Although transplanting a tree is not ideal, it is often a plausible solution for a tree that is planted in a location not conducive to the growth and health of the tree. Situations that may warrant moving a tree including lack of space for a healthy root system or taking the tree with in a move.
To ensure the health and safety of the tree, follow these simple guidelines when transplanting:
1. Transplant the tree during spring or fall months, when the leaves have fallen but the soil is not yet frosted over. Transplanting a tree with its canopy expressed or during winter months puts your tree at risk of damage.
2. Tree transplant should be done earlier in the life of the tree when possible. Not only is it easier to transplant a young tree due to the size of the tree and its root system, it requires less after care and is more likely to thrive following transplantation.

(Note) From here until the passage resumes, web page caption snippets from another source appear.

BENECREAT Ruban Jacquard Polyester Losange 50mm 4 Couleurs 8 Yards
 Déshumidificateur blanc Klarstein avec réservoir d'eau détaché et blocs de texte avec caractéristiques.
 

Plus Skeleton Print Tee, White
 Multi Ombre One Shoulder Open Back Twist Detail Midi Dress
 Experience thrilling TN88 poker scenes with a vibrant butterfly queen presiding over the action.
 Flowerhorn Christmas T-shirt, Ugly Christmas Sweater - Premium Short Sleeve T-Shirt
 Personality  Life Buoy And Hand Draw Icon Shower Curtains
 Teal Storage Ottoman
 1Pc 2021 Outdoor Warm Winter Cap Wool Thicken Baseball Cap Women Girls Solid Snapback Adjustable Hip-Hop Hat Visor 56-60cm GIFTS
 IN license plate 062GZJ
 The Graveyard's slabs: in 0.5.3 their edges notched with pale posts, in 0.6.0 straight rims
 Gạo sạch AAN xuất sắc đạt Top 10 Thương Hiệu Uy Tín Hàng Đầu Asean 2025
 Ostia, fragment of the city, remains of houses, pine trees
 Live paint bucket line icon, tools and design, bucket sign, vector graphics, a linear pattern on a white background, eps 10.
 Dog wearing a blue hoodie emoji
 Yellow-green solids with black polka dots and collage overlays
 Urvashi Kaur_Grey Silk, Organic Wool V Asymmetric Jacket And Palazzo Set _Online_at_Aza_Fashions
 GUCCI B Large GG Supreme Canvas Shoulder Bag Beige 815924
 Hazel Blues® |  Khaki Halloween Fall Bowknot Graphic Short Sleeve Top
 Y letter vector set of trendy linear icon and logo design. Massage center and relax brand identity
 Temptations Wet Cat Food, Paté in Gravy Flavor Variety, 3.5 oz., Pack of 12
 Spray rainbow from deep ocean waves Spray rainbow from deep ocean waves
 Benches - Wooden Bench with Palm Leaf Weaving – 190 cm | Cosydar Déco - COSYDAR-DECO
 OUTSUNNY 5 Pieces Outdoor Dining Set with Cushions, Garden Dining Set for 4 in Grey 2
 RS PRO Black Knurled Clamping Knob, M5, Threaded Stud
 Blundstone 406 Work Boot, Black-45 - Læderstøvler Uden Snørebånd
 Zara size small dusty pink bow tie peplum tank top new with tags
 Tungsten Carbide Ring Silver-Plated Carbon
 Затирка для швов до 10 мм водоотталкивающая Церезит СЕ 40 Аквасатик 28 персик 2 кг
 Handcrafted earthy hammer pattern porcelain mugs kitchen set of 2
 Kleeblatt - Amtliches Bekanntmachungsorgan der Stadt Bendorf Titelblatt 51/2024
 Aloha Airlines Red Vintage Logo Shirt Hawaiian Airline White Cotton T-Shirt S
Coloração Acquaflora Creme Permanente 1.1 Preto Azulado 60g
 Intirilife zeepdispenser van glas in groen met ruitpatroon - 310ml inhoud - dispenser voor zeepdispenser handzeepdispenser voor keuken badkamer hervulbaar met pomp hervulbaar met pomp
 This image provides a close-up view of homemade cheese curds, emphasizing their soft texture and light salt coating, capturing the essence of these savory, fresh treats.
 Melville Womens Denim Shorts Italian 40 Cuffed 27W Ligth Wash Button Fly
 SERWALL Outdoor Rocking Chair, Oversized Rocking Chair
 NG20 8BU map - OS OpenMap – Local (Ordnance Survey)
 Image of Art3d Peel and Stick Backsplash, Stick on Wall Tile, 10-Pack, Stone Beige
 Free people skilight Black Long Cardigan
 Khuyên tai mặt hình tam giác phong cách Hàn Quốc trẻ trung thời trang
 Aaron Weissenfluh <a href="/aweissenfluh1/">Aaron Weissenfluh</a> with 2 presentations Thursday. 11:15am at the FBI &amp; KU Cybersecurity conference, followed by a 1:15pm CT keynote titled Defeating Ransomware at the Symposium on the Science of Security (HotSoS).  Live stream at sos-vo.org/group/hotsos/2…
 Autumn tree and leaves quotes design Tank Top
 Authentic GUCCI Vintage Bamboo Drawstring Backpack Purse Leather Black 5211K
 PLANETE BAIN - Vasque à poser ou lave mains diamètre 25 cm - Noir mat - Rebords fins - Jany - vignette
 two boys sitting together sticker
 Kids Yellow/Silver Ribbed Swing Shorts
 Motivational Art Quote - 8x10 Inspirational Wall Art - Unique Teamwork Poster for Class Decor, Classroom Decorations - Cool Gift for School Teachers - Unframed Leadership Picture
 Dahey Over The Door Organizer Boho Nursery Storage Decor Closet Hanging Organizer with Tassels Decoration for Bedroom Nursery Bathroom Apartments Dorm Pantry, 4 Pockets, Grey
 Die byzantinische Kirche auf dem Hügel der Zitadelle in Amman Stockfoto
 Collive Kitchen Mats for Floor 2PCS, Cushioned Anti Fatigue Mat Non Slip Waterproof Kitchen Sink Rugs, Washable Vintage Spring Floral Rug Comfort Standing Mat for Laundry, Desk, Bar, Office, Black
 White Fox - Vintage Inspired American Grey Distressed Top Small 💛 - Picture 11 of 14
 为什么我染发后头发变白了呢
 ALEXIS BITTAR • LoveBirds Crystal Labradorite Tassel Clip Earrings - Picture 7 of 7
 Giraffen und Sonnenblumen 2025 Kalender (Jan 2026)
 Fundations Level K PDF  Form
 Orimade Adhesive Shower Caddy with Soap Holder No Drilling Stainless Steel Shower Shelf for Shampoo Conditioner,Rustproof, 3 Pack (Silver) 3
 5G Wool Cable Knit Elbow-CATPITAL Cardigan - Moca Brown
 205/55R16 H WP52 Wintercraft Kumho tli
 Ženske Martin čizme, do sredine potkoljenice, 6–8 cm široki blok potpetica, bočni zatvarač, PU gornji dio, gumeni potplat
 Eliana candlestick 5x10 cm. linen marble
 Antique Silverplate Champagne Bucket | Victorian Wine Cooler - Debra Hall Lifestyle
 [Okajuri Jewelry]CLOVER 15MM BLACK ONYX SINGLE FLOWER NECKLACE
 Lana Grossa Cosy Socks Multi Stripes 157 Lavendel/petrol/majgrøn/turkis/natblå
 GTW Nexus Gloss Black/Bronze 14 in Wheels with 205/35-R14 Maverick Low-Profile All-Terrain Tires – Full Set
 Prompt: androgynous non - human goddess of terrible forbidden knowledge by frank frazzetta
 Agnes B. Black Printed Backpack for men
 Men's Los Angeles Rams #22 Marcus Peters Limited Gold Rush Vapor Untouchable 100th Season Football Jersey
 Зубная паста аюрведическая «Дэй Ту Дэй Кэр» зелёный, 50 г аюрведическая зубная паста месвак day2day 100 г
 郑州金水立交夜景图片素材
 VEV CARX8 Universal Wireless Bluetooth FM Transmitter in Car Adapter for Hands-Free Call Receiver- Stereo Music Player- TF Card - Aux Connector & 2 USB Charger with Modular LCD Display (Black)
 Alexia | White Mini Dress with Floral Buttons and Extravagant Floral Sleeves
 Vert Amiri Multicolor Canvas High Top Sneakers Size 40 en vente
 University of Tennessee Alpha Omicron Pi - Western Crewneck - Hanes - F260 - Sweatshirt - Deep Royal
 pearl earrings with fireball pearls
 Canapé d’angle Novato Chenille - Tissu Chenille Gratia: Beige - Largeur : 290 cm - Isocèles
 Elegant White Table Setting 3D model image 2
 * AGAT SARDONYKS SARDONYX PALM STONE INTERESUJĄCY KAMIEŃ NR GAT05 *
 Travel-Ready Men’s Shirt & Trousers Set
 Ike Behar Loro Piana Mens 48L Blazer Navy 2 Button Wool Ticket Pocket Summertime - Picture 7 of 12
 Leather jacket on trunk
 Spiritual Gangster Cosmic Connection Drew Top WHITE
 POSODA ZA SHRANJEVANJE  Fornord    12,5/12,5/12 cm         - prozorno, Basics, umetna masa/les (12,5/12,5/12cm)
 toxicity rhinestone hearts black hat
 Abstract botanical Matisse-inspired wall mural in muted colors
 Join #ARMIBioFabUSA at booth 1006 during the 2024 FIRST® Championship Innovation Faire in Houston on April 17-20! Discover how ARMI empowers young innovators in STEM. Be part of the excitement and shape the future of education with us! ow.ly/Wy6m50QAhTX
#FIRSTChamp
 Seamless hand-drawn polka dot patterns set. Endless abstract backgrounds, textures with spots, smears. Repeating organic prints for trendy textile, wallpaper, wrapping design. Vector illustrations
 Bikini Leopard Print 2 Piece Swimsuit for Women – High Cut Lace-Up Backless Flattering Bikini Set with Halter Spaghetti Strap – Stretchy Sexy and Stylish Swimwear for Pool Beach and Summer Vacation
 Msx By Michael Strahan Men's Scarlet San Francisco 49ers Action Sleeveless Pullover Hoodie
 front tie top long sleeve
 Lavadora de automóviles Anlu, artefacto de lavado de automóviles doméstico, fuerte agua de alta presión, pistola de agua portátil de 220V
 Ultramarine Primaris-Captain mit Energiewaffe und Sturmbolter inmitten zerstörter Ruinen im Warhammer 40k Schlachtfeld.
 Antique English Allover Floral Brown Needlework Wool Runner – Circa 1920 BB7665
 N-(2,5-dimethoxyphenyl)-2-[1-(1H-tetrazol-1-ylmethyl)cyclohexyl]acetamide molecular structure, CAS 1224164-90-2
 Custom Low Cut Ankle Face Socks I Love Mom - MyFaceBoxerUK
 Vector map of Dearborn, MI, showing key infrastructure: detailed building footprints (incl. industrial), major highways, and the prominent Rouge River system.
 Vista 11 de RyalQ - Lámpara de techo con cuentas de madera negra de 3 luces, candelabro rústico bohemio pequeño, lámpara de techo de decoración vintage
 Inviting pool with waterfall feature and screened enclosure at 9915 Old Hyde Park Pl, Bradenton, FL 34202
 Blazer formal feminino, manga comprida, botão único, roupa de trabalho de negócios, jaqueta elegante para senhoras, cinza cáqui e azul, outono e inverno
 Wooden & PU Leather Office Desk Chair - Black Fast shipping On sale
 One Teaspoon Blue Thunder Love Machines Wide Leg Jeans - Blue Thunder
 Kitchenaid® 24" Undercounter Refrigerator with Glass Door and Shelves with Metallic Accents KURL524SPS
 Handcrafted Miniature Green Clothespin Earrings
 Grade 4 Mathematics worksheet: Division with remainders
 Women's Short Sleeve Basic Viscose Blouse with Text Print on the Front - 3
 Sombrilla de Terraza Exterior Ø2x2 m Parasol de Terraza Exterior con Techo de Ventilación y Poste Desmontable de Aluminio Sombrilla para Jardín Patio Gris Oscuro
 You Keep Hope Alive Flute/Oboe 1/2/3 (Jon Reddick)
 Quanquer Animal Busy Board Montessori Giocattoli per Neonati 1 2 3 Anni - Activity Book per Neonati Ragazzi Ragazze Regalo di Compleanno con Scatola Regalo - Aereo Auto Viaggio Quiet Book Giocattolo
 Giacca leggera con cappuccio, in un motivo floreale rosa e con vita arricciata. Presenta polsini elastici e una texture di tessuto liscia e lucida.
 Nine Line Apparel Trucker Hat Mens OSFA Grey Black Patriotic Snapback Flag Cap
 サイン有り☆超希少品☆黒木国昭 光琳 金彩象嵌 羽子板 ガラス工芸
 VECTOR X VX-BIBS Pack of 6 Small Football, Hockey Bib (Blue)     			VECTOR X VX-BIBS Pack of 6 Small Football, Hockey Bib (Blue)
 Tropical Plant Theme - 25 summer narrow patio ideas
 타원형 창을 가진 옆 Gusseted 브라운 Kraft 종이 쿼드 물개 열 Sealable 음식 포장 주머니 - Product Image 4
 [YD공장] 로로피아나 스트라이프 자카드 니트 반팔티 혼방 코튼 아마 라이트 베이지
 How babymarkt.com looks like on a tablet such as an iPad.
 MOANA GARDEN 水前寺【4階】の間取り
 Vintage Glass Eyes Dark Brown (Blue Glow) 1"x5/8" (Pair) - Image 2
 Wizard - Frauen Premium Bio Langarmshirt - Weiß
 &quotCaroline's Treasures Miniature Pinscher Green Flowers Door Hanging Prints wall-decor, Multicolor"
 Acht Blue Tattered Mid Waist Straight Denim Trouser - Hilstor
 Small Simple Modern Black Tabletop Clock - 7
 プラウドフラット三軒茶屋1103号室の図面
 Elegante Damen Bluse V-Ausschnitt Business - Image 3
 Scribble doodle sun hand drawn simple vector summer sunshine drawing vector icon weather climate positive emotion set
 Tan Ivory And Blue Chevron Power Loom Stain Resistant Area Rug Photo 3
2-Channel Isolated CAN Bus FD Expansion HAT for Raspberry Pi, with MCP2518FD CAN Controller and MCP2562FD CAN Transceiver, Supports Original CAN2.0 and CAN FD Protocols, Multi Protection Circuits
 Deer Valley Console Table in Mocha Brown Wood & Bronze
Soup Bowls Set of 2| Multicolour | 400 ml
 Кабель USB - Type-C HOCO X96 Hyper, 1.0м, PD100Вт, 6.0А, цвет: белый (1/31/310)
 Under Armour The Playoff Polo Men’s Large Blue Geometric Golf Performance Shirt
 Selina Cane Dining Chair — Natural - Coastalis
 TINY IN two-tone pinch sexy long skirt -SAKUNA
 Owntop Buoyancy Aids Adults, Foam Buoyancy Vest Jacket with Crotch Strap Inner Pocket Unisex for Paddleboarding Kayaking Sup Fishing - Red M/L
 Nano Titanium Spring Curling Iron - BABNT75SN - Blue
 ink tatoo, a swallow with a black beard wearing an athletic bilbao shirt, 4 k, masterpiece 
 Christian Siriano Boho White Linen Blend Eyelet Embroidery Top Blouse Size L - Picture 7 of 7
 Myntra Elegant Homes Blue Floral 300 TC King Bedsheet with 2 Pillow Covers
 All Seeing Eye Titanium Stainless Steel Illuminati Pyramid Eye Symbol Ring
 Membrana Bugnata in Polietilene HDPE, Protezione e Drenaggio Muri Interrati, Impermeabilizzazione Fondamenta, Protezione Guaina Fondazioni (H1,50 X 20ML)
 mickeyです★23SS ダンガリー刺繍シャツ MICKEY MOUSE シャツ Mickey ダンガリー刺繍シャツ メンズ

3. Do your research. Make sure you know how much sunlight, space, and moisture your tree needs before choosing a new location. Ensure the new location provides the ideal conditions for your tree. It’s also important to find out whether the type of tree you want to transplant typically survives the change, as some trees are much more adaptable than others.
4. Know when not to transplant. Trees that are in poor enough condition to warrant total removal should not be transplanted, and trees being relocated to climates that are not suited for the specific tree should not be transplanted.
5. Follow the right protocol when transplanting your tree. You can do this by planning ahead for the project and ensuring you have the right equipment and people in place to complete the project, well-hydrate the tree in the weeks before transplantation, move the tree carefully to protect roots and branches, and hydrate immediately following transplantation.